What if John Lennon’s infamous “lost weekend” really wasn’t?
“They made it sound like this whole time he was drugging out. And I really took offense to that,” says May Pang, Lennon’s girlfriend during his 18-month split from Yoko Ono.
Pang, 72, reclaims the narrative in the new documentary “The Lost Weekend: A Love Story” (available Friday for home viewing on demand and Blu-ray). The film depicts a productive period when the former Beatle enthusiastically collaborated with Elton John and David Bowie and happily patched up his relationship with Paul McCartney and son Julian Lennon. It’s a provocative retelling of the year and a half when Lennon regularly made tabloid headlines for his rowdy nights out, culminating in an incident when he was ejected from The Troubadour for heckling The Smothers Brothers.

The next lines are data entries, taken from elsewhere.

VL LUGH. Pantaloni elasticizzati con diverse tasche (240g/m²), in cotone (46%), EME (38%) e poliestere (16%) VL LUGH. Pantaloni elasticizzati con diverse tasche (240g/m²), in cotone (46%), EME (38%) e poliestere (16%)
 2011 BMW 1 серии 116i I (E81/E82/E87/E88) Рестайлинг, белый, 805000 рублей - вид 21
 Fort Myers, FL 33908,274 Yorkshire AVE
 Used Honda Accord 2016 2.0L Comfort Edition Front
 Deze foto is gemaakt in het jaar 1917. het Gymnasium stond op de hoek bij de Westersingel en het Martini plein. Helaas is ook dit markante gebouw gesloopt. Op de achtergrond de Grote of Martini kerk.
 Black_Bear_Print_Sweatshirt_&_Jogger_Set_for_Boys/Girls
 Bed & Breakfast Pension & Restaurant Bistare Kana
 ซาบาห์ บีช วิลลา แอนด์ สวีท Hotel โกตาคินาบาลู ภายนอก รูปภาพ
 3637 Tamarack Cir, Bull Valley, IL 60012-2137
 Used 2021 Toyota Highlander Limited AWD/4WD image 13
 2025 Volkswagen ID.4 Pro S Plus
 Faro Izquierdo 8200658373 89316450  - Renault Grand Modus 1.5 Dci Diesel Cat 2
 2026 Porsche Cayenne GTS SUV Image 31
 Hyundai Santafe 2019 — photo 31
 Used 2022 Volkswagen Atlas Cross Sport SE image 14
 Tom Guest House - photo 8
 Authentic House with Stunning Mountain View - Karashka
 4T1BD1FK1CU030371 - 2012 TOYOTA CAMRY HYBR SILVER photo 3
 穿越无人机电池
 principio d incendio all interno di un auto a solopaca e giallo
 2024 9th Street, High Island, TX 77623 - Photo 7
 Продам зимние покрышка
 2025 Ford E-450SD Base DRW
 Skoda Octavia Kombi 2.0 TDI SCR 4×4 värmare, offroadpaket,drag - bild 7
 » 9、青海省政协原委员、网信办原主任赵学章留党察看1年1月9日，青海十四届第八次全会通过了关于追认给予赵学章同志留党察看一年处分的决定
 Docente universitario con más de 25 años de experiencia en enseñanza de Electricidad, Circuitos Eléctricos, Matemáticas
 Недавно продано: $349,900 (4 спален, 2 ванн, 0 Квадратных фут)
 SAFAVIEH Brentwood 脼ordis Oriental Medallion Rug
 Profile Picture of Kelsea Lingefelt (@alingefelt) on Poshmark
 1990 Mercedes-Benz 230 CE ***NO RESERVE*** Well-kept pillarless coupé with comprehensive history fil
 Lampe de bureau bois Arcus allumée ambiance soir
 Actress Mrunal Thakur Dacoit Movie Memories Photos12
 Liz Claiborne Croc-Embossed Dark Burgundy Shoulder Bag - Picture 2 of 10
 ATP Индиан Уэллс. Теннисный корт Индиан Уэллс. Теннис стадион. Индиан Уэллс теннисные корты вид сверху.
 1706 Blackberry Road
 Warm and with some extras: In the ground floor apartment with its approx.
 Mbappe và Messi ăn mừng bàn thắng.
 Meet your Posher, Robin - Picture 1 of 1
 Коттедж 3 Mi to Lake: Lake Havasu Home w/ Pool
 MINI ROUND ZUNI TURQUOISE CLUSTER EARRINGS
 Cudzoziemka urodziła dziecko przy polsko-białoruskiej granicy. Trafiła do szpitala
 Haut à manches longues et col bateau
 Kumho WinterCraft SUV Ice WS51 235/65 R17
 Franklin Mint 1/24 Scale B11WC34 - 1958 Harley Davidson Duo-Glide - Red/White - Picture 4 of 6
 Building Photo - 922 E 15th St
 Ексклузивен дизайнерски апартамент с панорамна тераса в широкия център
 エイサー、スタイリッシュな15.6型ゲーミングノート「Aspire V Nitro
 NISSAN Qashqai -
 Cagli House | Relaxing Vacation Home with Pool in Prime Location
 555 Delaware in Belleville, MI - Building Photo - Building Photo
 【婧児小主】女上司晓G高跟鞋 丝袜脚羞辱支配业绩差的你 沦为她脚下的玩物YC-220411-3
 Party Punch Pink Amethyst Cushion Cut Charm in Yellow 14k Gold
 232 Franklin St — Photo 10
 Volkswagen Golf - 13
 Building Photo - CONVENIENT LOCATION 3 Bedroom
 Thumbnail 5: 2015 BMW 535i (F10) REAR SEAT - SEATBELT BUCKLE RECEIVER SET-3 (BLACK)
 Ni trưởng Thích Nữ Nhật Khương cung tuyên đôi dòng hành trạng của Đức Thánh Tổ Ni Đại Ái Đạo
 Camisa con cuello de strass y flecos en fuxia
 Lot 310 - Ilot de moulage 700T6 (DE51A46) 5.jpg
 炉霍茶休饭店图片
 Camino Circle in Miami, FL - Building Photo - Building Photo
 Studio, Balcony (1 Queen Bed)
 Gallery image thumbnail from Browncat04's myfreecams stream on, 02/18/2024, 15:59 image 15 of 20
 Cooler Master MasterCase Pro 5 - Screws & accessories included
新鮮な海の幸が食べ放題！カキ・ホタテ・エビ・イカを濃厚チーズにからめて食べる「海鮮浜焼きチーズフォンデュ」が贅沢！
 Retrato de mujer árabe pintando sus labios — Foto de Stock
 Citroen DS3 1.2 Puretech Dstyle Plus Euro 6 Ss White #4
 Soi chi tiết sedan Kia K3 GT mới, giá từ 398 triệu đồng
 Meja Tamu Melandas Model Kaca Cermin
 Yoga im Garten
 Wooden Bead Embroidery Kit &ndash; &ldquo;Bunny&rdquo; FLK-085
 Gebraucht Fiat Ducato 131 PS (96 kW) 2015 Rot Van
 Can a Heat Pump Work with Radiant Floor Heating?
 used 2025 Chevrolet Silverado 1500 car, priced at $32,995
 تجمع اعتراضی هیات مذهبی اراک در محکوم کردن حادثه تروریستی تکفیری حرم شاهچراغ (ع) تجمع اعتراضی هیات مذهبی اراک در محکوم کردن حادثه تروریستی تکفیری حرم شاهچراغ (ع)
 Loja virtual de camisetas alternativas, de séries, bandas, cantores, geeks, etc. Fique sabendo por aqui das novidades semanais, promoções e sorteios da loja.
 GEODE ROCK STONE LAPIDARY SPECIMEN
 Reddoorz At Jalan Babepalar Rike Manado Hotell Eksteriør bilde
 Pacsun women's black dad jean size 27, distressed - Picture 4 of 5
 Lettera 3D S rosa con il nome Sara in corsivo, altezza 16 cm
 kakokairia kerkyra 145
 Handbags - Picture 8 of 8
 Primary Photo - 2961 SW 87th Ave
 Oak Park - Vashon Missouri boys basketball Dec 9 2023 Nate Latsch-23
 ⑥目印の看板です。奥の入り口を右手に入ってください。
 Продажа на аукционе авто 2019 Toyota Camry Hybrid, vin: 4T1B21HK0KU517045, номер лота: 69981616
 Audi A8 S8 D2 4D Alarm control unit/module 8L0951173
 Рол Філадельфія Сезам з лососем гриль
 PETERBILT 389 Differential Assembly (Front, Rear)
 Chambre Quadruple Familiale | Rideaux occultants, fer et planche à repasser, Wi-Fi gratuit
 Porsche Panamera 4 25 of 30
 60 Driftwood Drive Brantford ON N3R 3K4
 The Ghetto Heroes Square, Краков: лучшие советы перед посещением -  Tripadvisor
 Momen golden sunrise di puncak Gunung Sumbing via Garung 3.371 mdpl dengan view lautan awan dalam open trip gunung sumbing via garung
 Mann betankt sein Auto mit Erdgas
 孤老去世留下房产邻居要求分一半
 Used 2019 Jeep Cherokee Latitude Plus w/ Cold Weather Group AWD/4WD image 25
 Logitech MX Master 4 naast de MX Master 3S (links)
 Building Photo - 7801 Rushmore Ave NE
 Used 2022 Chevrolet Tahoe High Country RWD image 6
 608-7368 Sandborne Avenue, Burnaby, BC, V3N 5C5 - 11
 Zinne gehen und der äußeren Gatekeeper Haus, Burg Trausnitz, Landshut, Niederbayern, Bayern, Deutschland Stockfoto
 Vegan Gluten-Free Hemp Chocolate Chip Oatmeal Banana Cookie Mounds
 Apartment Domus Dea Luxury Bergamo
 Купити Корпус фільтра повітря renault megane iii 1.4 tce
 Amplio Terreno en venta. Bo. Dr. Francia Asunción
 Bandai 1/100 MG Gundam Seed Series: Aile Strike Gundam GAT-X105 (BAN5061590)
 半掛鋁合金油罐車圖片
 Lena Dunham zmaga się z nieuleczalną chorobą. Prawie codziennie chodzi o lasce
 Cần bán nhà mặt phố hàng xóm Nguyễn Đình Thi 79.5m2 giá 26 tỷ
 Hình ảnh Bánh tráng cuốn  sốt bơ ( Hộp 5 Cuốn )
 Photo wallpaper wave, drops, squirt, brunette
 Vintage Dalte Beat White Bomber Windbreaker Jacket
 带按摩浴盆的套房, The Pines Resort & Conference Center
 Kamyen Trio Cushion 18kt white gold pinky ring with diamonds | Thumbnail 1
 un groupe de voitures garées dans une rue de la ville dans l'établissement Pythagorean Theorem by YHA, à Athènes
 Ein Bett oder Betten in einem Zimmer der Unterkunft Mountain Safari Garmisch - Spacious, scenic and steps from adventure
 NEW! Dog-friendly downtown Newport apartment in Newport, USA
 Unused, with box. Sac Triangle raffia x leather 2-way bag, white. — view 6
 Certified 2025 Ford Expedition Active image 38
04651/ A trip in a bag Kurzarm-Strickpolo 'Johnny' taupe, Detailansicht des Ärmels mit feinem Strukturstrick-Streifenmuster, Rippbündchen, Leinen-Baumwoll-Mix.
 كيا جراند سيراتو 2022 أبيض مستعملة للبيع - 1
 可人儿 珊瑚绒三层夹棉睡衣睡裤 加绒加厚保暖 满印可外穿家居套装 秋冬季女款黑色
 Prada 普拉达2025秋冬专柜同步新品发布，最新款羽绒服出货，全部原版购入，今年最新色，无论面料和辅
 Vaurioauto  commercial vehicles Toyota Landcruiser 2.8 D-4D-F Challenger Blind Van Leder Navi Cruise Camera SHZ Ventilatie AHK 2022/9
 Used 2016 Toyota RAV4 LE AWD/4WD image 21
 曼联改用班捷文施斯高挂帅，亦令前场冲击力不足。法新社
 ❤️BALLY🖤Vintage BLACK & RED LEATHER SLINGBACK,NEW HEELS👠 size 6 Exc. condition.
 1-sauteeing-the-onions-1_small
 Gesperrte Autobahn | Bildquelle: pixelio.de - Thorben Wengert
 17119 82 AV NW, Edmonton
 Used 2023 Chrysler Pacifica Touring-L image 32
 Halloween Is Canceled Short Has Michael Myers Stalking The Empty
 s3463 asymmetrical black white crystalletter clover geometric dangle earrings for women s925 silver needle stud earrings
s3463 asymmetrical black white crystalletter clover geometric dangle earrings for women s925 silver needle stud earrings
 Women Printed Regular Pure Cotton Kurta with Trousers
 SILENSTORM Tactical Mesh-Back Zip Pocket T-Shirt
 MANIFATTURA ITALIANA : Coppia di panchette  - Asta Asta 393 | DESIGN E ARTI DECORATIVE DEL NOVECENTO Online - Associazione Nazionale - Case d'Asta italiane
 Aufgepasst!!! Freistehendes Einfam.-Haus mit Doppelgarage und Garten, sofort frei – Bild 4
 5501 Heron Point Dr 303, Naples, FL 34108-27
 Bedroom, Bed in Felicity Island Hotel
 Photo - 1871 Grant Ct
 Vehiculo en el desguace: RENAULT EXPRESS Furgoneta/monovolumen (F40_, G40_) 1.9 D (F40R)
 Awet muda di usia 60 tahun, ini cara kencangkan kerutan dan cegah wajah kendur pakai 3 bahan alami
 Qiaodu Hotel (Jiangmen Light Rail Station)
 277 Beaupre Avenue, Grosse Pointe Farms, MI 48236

Her relationship with Lennon − who would have turned 83 today − began inexplicably, even by ‘70s standards. Pang, then 22 and working as Lennon and Ono’s personal assistant, says Yoko walked into her office in 1973 and told her: “John and I are not getting along, and I know he’s going to start seeing other people. And I want you to go out with him.”
“John Lennon charmed the pants off me,” says Pang, now divorced with two grown children, in the documentary.
Calling from St. Louis, where she was battling a cold as she was promoting her new photography exhibit, Pang spoke at length with USA TODAY about her relationship with Lennon and bearing witness to rock ‘n’ roll history. (Edited and condensed for clarity.)
Question: Yoko comes to you with this surprising proposition. We see your reaction in this documentary: shock, protest, not knowing what to make of it. What was John’s reaction?
Answer: She goes in when he’s waking up, and she says, “I fixed it so you can go out with May.” And he’s like, “What are you doing? How do you even know I like her?” I didn’t want to come out of my office, he didn’t want to come out of his bedroom. It was like “Oh, no, no, no.” I’m thinking, “Please let this be the nightmare that just goes away.”
Why did you agree to this? What were your expectations when you went into this relationship?
He’s John Lennon − he doesn’t need me; he could go with anyone under the sun. I’m sure if he went out on the street and said, “Oh, I want to date that person,” they would say, “Yeah, let’s go.” But I was surprised that he decided he would pursue me. He said: “OK, she doesn’t care? I’m going for it.”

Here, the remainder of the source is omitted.